Why is Salisbury closer to Santa Fe than Manchester is to Leeds? Well, you'll have to go to Birmingham in the autumn to answer that question …
Not long ago, our newspapers were adorned with photographs of what had been judged to be this country's most beautiful view – the prospect of Salisbury cathedral. Well, so what? How can you go wrong? A dramatically lovely cathedral in a small city is impossible to spoil.

Impossible? Travel 60 miles north, and you will come to another city with a fine cathedral, Gloucester, whose centre has been wrecked by insensitive and unsightly development.

Now consider two northern cities whose principal development – until recent times – was during the Victorian era. One is Leeds, where I was born and grew up. The other is Manchester, where I have been an MP for more than 32 years.
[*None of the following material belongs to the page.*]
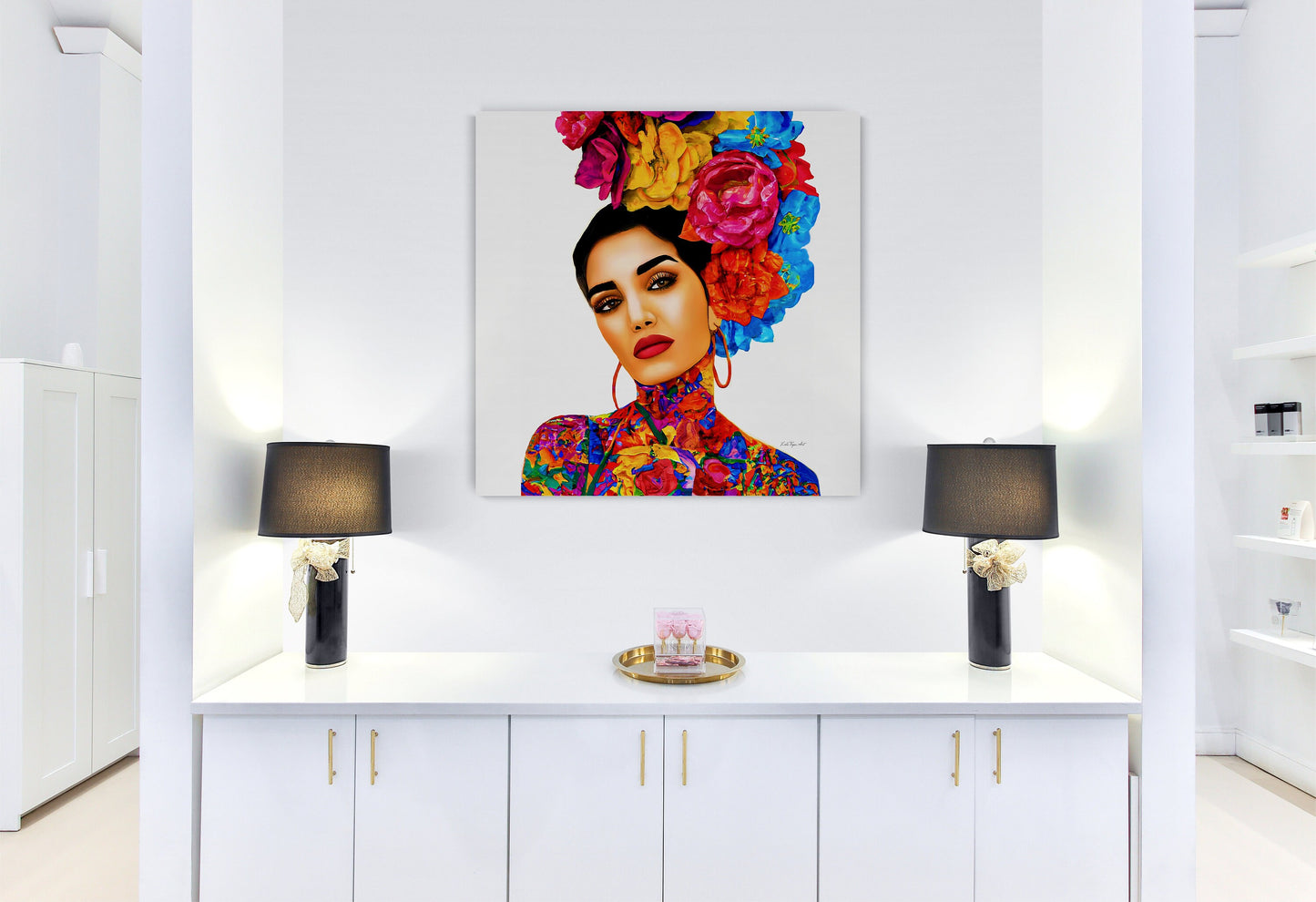 flower girl hair, canvas wall art, flower woman,  woman art, wall art, wall art decor, latina art, wall art living room, tattoo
Both have thriving inner centres, but Manchester's has been massively disfigured by the construction of the hideous Arndale Centre, which dominates the city centre, with other excrescences not far behind. Leeds, on the other hand, while not faultless in the way it has developed, has been wise in not only preserving but enhancing its grid-patterned shopping and entertainment area, keeping a rectangle of arcade-based thoroughfares that abut on a fine market building to create one of the most pleasurable urban spaces in Europe.
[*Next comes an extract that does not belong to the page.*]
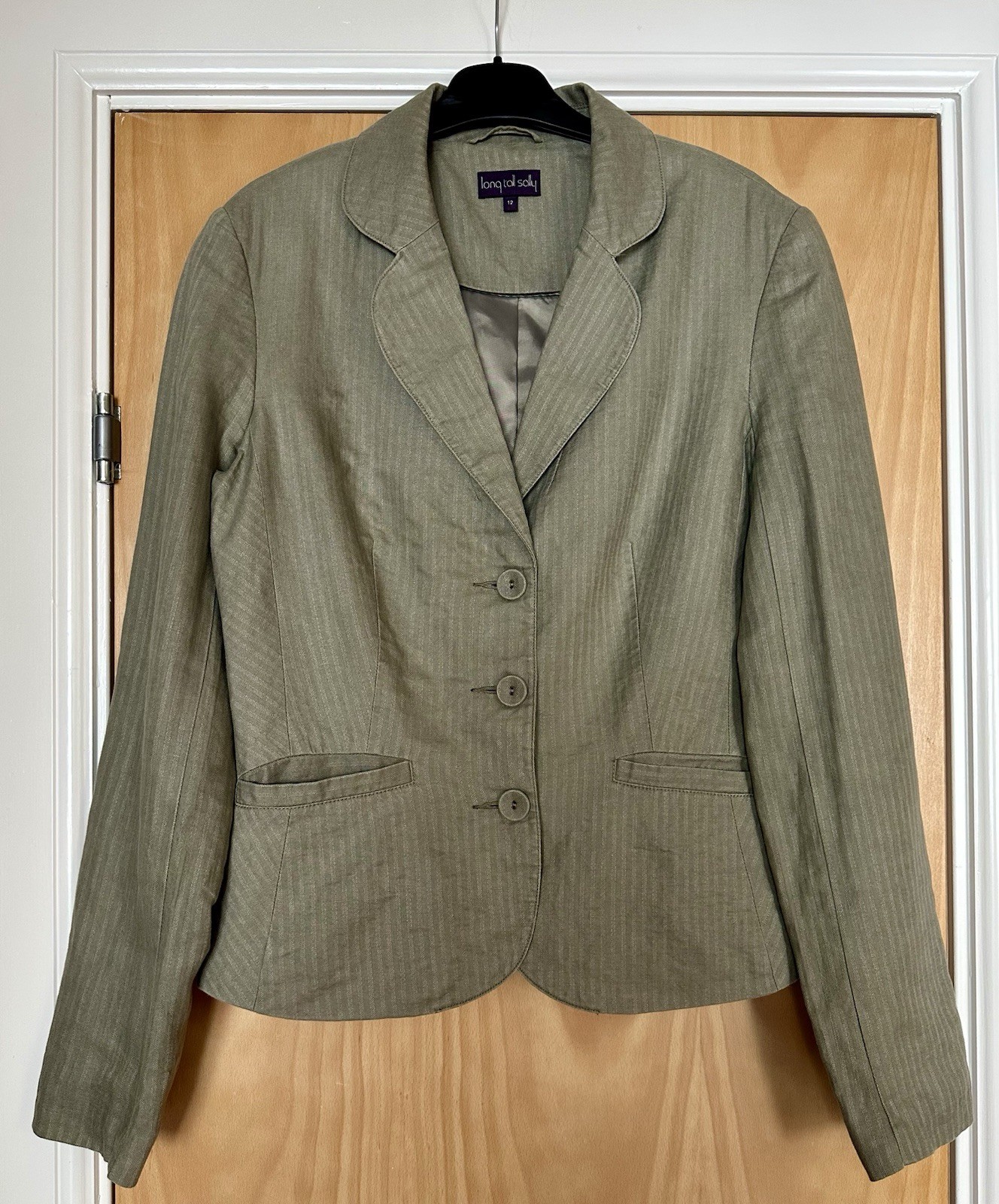 Long Tall Sally Olive Green 100% Linen Pinstripe Blazer UK 12 VGC Fully Lined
I bring these matters to your attention because 1500 delegates are about to embark on the most comprehensive examination of urban issues ever attempted in Britain. They are meeting in Birmingham to discuss the progress of the urban white paper, launched by deputy prime minister John Prescott two years ago.

We should have a pillory session, at which those who vandalised so many British cities should be pelted with replicas of buildings

It will not be on the same planetary scale as Johannesburg, but the Birmingham summit will be huge. Among the subjects being discussed will be neighbourhood renewal, economic and environmental development, the role of cultural venues in regeneration, changing work patterns, the relationship of urban and rural issues, health in cities, urban local government, social exclusion, education, transport, planning, law and order, multicultural and multi-ethnic issues, and city centre development.
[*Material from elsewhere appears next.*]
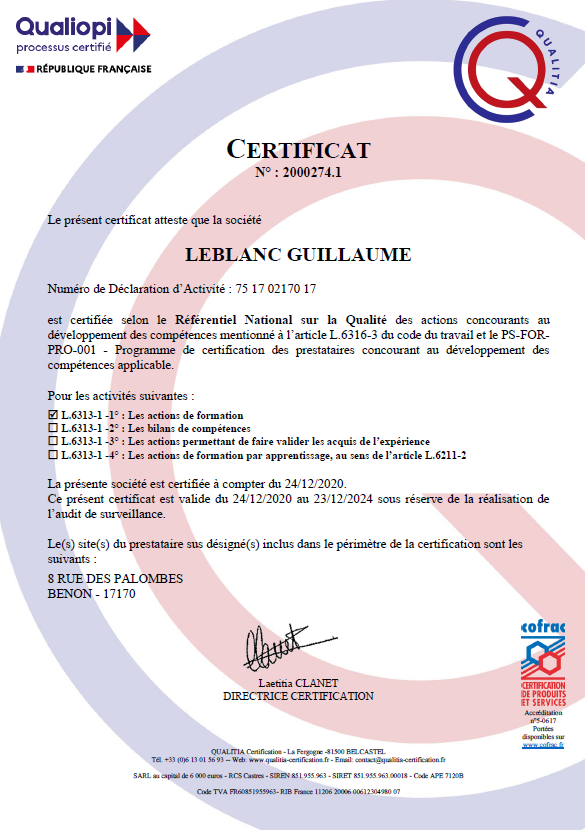 Certificat qualiopi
All of these ingredients, and more, go towards making life not simply acceptable but fulfilling in urban areas. Heaven knows, over the past half-century we have got enough of them wrong in Britain to know how essential it is to put them right. Birmingham itself is an example of what can be done: a city that was a byword for culpably thoughtless urban development has become an inspiring example of urban renaissance, with its plazas, walkways, canals.

Living satisfactorily in urban areas depends on a near infinity of ingredients. But the most important of these is pride – and a determination to defend what is best. I have just returned from a visit to the opera festival in Santa Fe, New Mexico. The centre part is based on a Spanish city that was founded in 1610. Over the centuries there has, of course, been change. But totally stringent planning controls have meant that a lovely city has remained a lovely city.

Let me be clear. There is much good work being done in our urban areas. In my constituency, we have thriving urban renewal projects in areas that were on the verge of being given up as irreclaimable. Local citizens work with official organisations to improve their own environment and cityscape.